Hi everyone,
I'm working on a project where I need to aggregate events into session-level data on an hourly basis using Dataform and BigQuery. In our case, sessions can last up to 3 hours (that's the 99.99th percentile), so it's important for us to handle sessions that span multiple hours accurately.
To manage this, I'm trying to implement custom merge logic to properly update session metrics when new events come in for existing sessions. Specifically, I want to use a custom MERGE statement instead of a simple SELECT because it allows me to define how to merge new event data with existing aggregated sessions.
However, I'm running into issues with Dataform not supporting MERGE statements directly in SQLX files. My question is:
Is it possible to use a custom MERGE statement within Dataform's SQLX files?
If yes, how can I properly implement it so that Dataform executes it correctly? If not, are there any workarounds or best practices to achieve similar functionality?
I understand that Dataform handles incremental queries and can merge data based on unique keys, but in this case, I need more control over the merge logic to ensure sessions are accurately updated with new events.

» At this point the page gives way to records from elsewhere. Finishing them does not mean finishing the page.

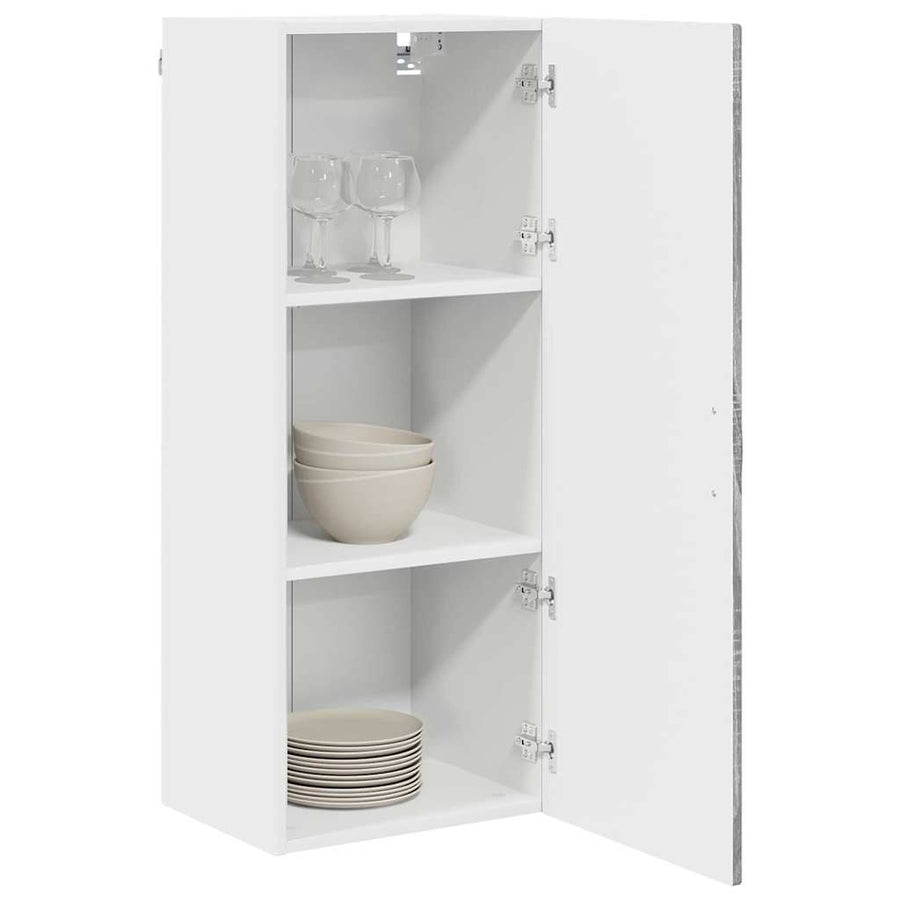 Keukenkast aan de muur met plank Grijs Sonoma 40 x 31 x 100 cm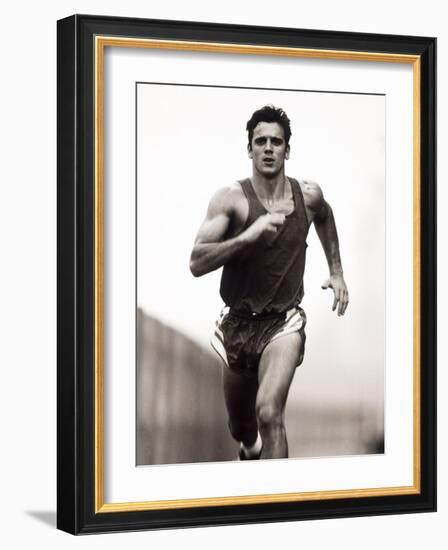 Male Runner Training, New York, New York, USA-null-Framed Photographic Print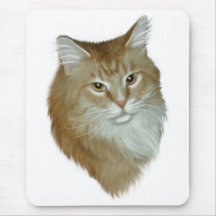 Red Tabby Maine Coon Mouse Pads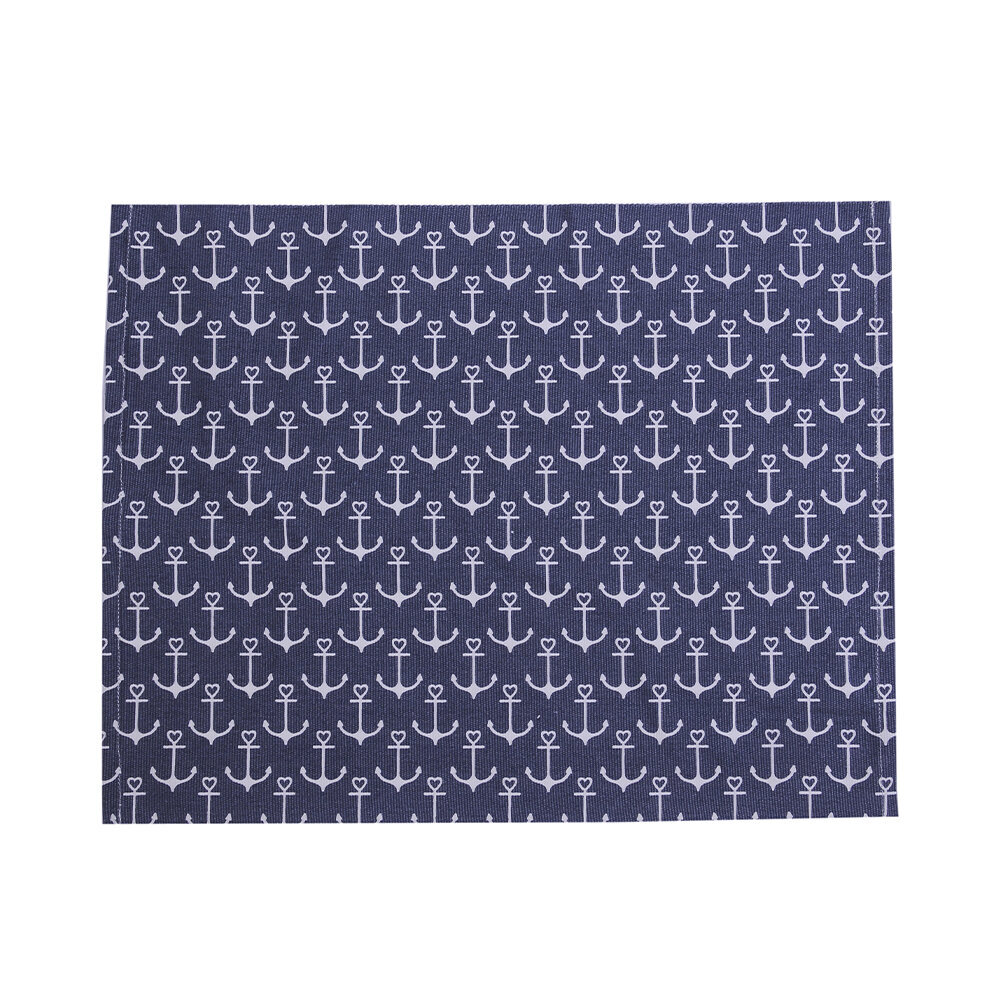 Tischgedeck, Platzmatte Anchor, thunder blue 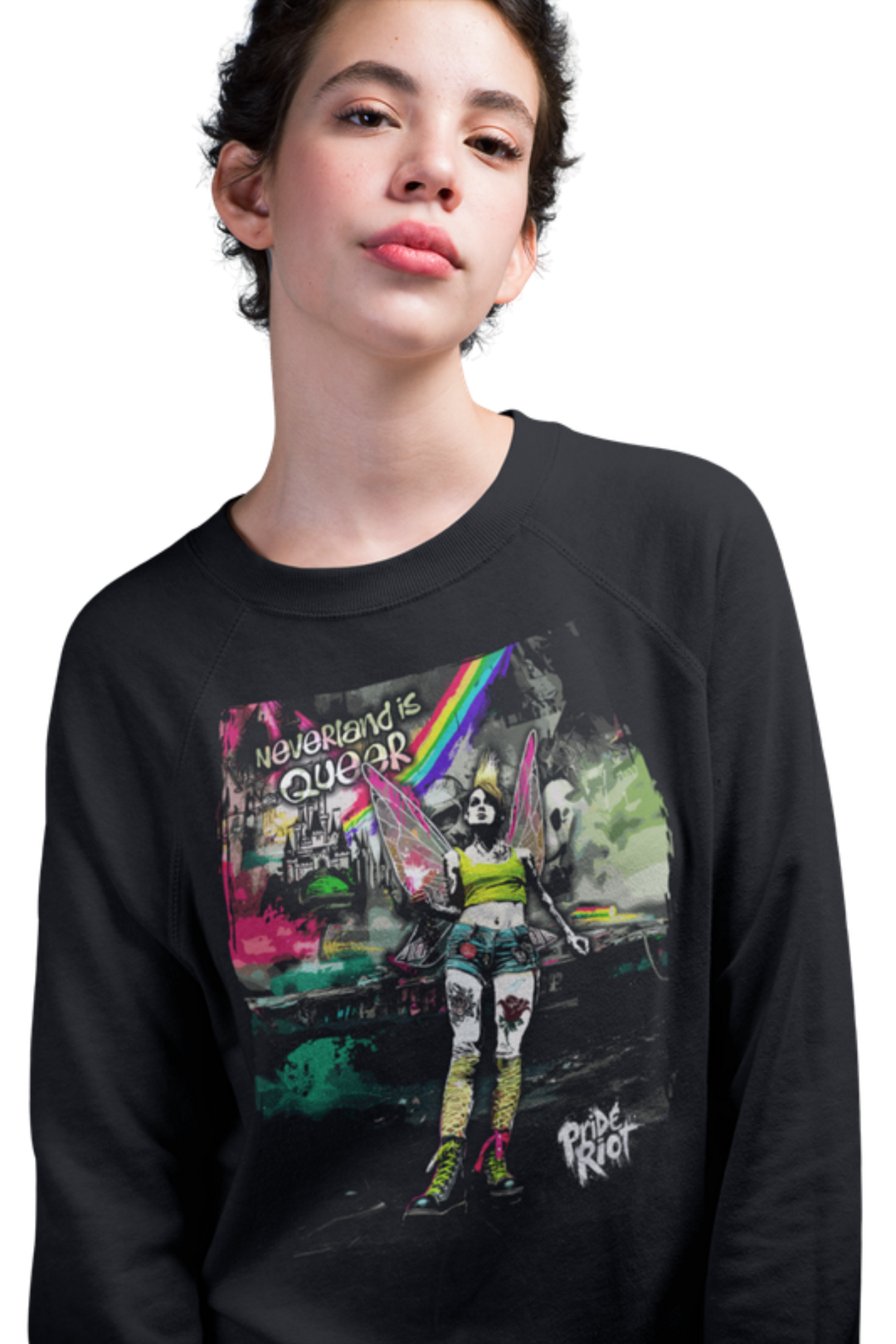 Wings and Teeth — Sweatshirt — worn, PRIDE RIOT®
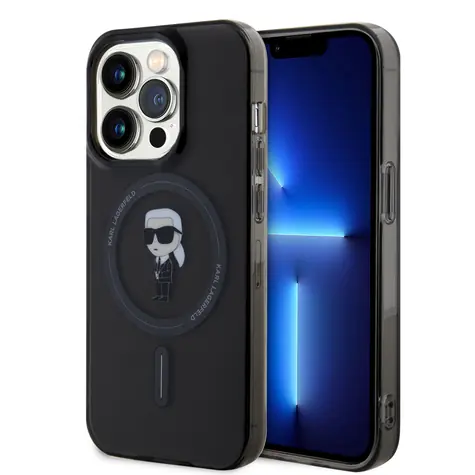 Karl Lagerfeld IML Ikonik MagSafe Zadní Kryt pro Apple iPhone 15 Pro černá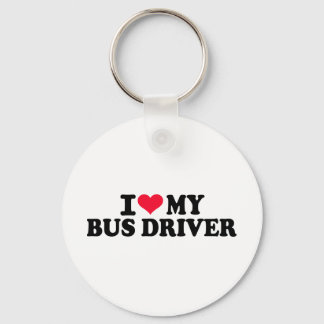 Chaveiro Eu amo o meu motorista de ônibus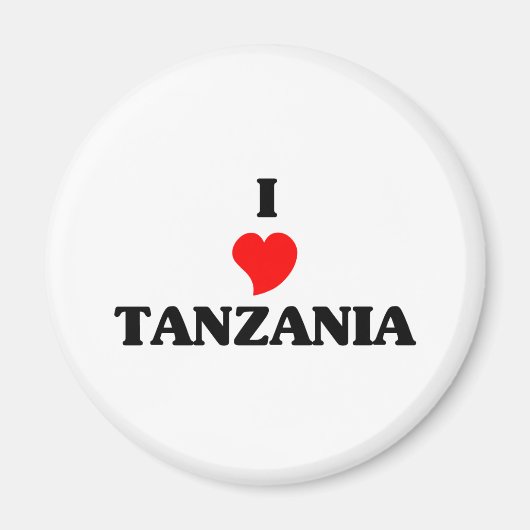 Ik hou van Tanzania Magneet (Voorkant)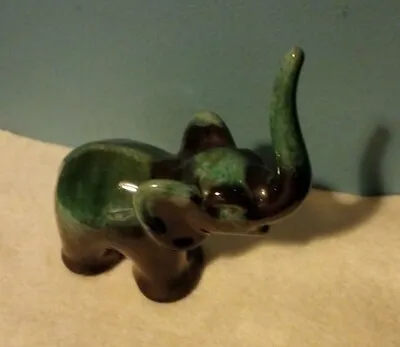 Buy Cute Canadian Blue Mountain Pottery Ceramic Elephant 12 Cm • 15£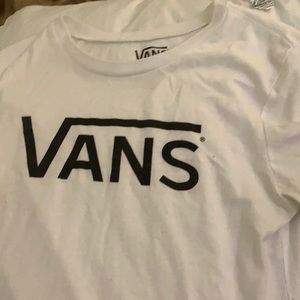 Vans white tee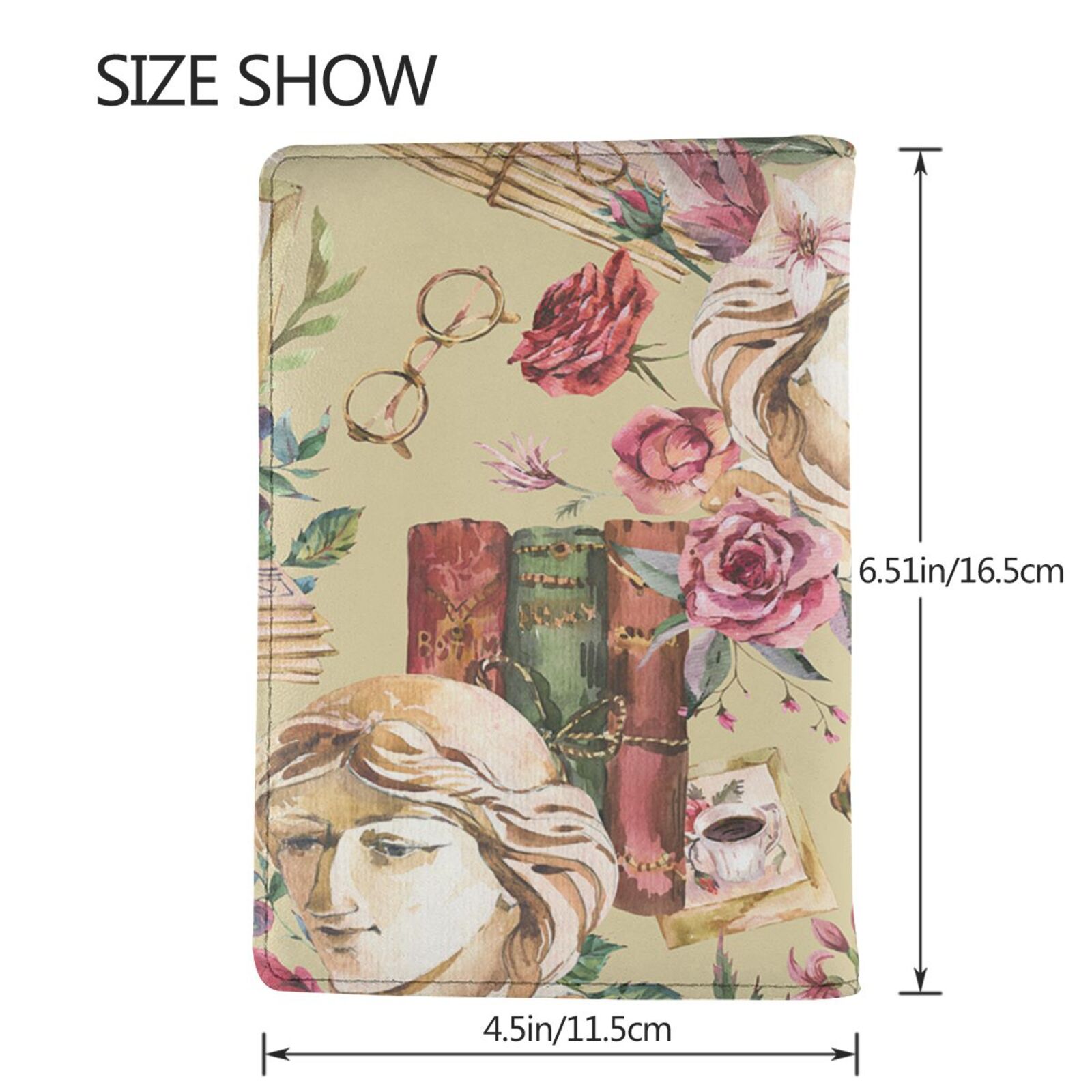 Vintage Rose Greece Passport A - Travel Accessories Greece review and price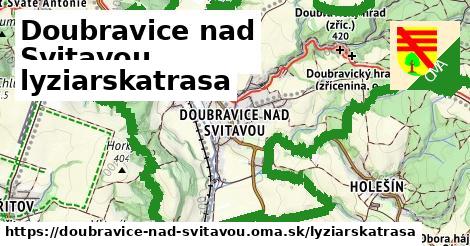 Doubravice nad Svitavou Lyžiarske trasy  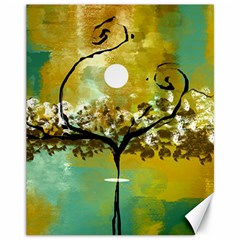 She Open s To The Moon Canvas 11  X 14   by digitaldivadesigns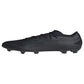 adidas Zapatillas unisex de fútbol X Crazyfast.2 para terreno firme, Core Black/Core Black/Core Black 12.5 US Men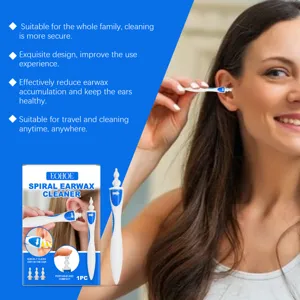 Nettoyeur de cérumen spiral en silicone cure-oreilles portable outil de nettoyage des oreilles sûr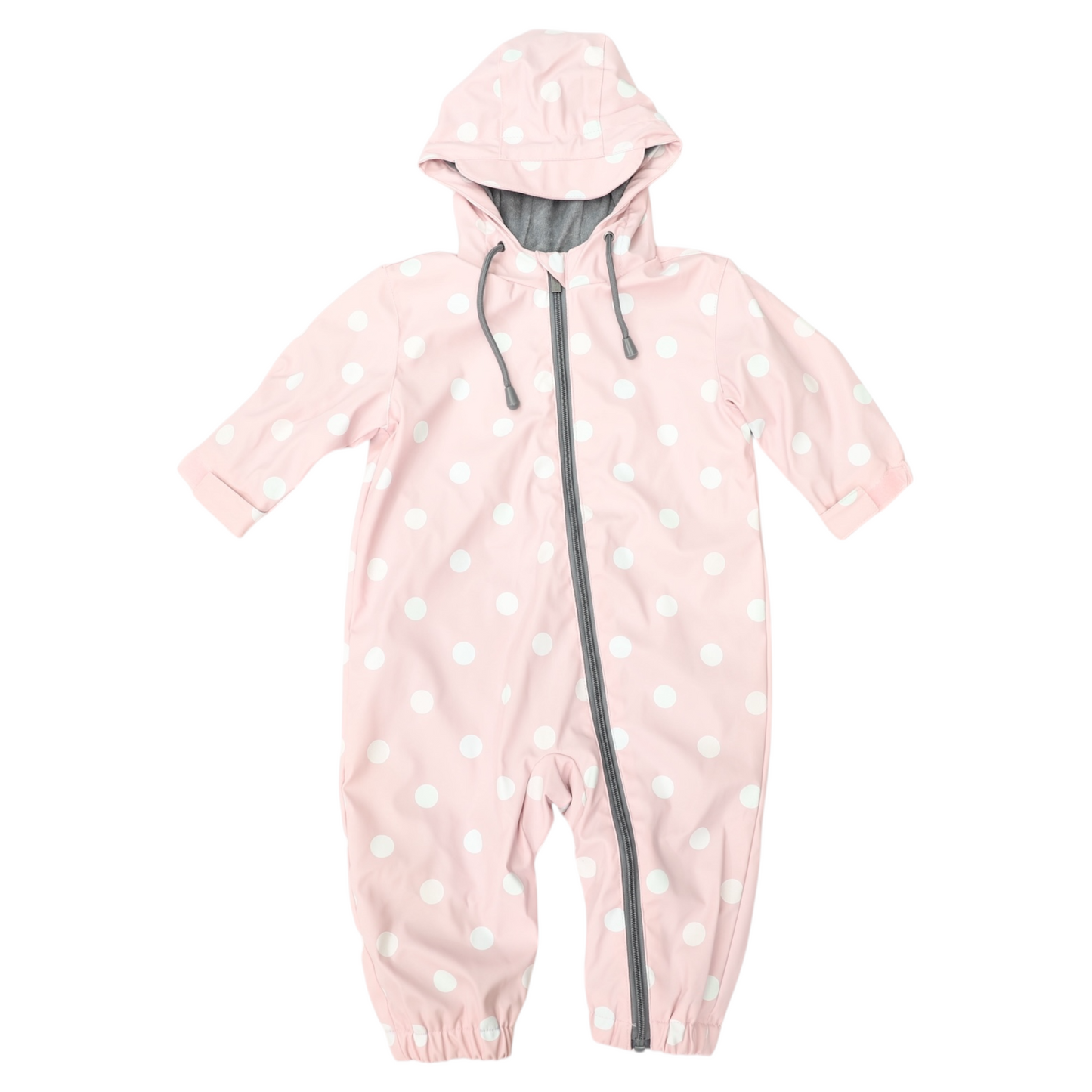 Polkadot Colour Change Rain Suit - Pink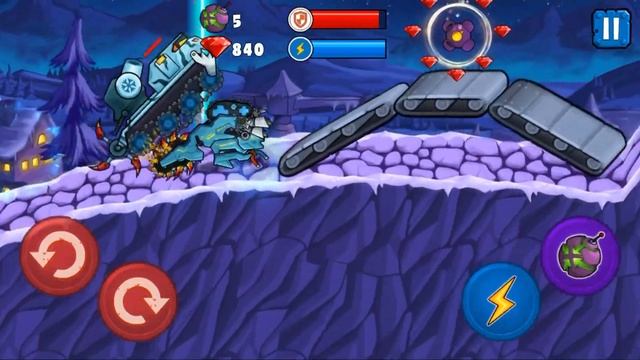 Машины с ПИЛАМИ против Босса СНЕГОМЁТЧИК в Car Eats Car 3! Эпичное Уничтожение Хищных Тачек смотреть онлайн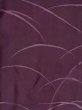 Photo3: M0628C Used Japanese women Dark Purple HAORI short jacket / Silk. Line,   (Grade C) (3)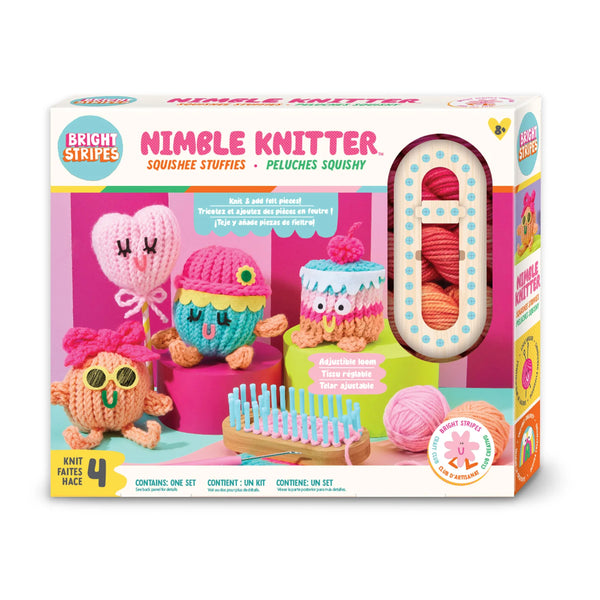 Bright Stripes Nimble Knitter Squishee Stuffies Kit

Any insights or suggestions would be greatly appreciated!
Thanks in advance.
Here is the simplified version of the script:
config {
type: "incremental",
bigquery: {
partitionBy: "DATE(first_ts)",
requirePartitionFilter: true,
clusterBy: ["session_id"],
},
uniqueKey: ["session_id"]
}
pre_operations {
DECLARE event_timestamp_checkpoint TIMESTAMP DEFAULT (
${when(incremental(),
`SELECT last_processed_timestamp FROM sessions_meta_table`,
`TIMESTAMP('2000-01-01 00:00:00')`
)}
);
}
MERGE INTO ${self()} AS target
USING (
SELECT
session_id,
MIN(event_timestamp) AS first_ts,
MAX(event_timestamp) AS last_ts,
COUNT(*) AS event_count
FROM events_table AS event
WHERE session_id IS NOT NULL
AND event_timestamp > event_timestamp_checkpoint
GROUP BY session_id
) AS source
ON target.session_id = source.session_id
AND DATE(target.first_ts) >= DATE_SUB(CURRENT_DATE(), INTERVAL 3 HOUR)
WHEN MATCHED THEN
UPDATE SET
first_ts = LEAST(target.first_ts, source.first_ts),
last_ts = GREATEST(target.last_ts, source.last_ts),
event_count = target.event_count + source.event_count
WHEN NOT MATCHED THEN
INSERT (
session_id, first_ts, last_ts, event_count
)
VALUES (
source.session_id, source.first_ts, source.last_ts, source.event_count
);
post_operations {
UPDATE sessions_meta_table
SET last_processed_timestamp = (SELECT MAX(last_ts) FROM ${self()});
}